- Theatrical poster
- Directed by: Raj Chakraborty
- Based on: Gamyam by Krish Jagarlamudi
- Screenplay by: N. K. Salil Raj Chakraborty
- Dialogues by: N. K. Salil
- Story by: Raj Chakraborty
- Produced by: Shrikant Mohta
- Starring: Jeet Dev Koel Mallick Barkha Bisht
- Cinematography: Somak Mukherjee Sirsha Ray
- Edited by: Rabiranjan Maitra
- Music by: Songs: Jeet Gannguli Samidh-Rishi Background score: Indraadip Dasgupta
- Production company: Shree Venkatesh Films
- Distributed by: Shree Venkatesh Films
- Release date: 14 October 2010;
- Running time: 150 minutes
- Country: India
- Language: Bengali
- Budget: ₹3.5 Crore
- Box office: ₹6.5 Crore

= Dui Prithibi (2010 film) =

2010 Indian Bengali film

Dui Prithibi (/bn/; ) is a 2010 Bengali-language road drama film co-written and directed by Raj Chakraborty. Produced by Shrikant Mohta under the banner of Shree Venkatesh Films.The film is a remake of 2008 Telugu movie Gamyam. It stars Jeet, Dev, Koel Mallick and Barkha Bisht in lead roles. The film revolves around a rich man who acknowledges the means of life, setting out on a journey to the rural Bengal with a bike, and befriends with a thief.
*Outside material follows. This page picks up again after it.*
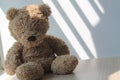 Brown Bear toy sitting by the window in shadows Royalty Free Stock Photo
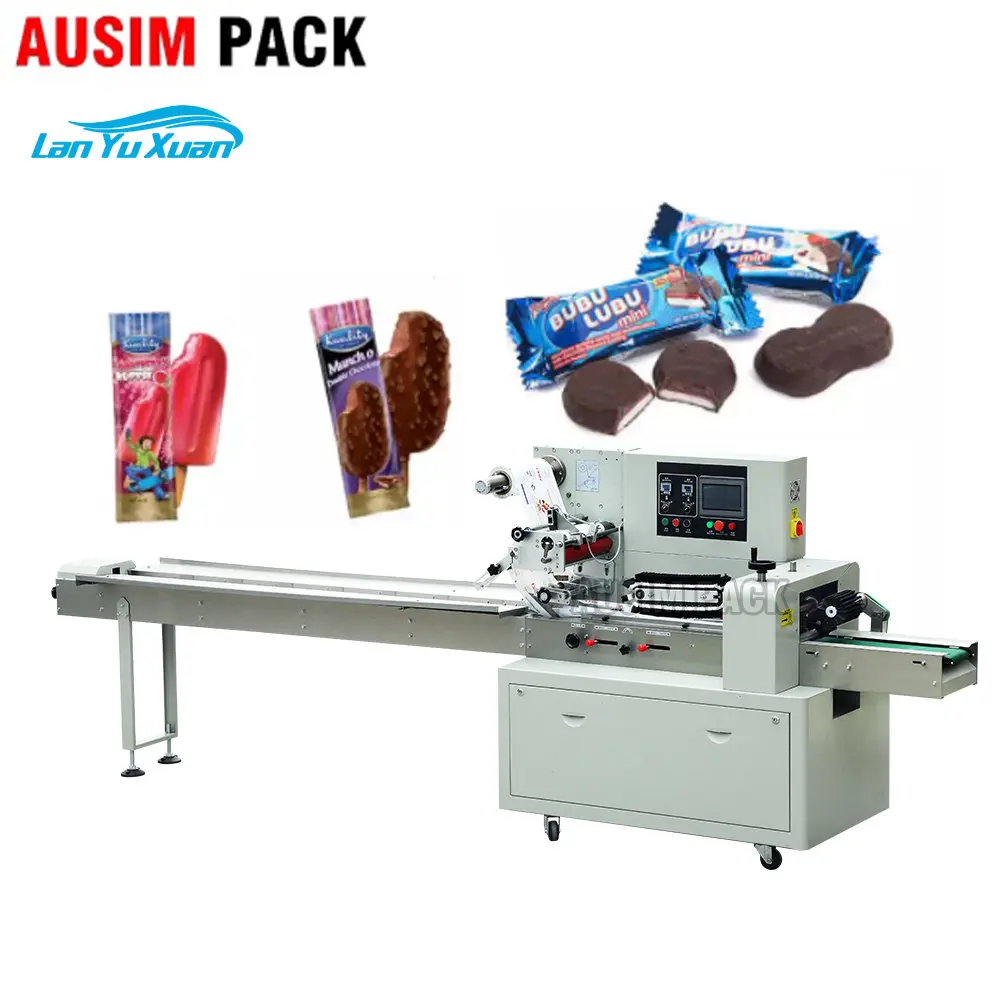 Popsicle Packaging Machine Hot Selling Automatic Feeder Flow Pack Pallet Ice Cream Stick Pop Flow Pack Packing Machine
Announced in November 2009, the film marks Chakraborty's collaborations for the first time with both Jeet and Koel, and with Dev for the second time; it is also Jeet and Koel's tenth film as a lead pair. Principal Photography commenced in March 2010 and wrapped by in August 2010. Majorly shot in Kolkata, Purulia, Bankura, Birbhum, Bardhaman and Paschim Medinipur, portions were filmed in Italy, Australia and Switzerland. The soundtrack of the film is composed by Jeet Gannguli and Samidh-Rishi, while Indraadip Dasgupta provided its score. Somak Mukherjee and Sirsha Ray handled its cinematography, with editing by Rabiranjan Maitra.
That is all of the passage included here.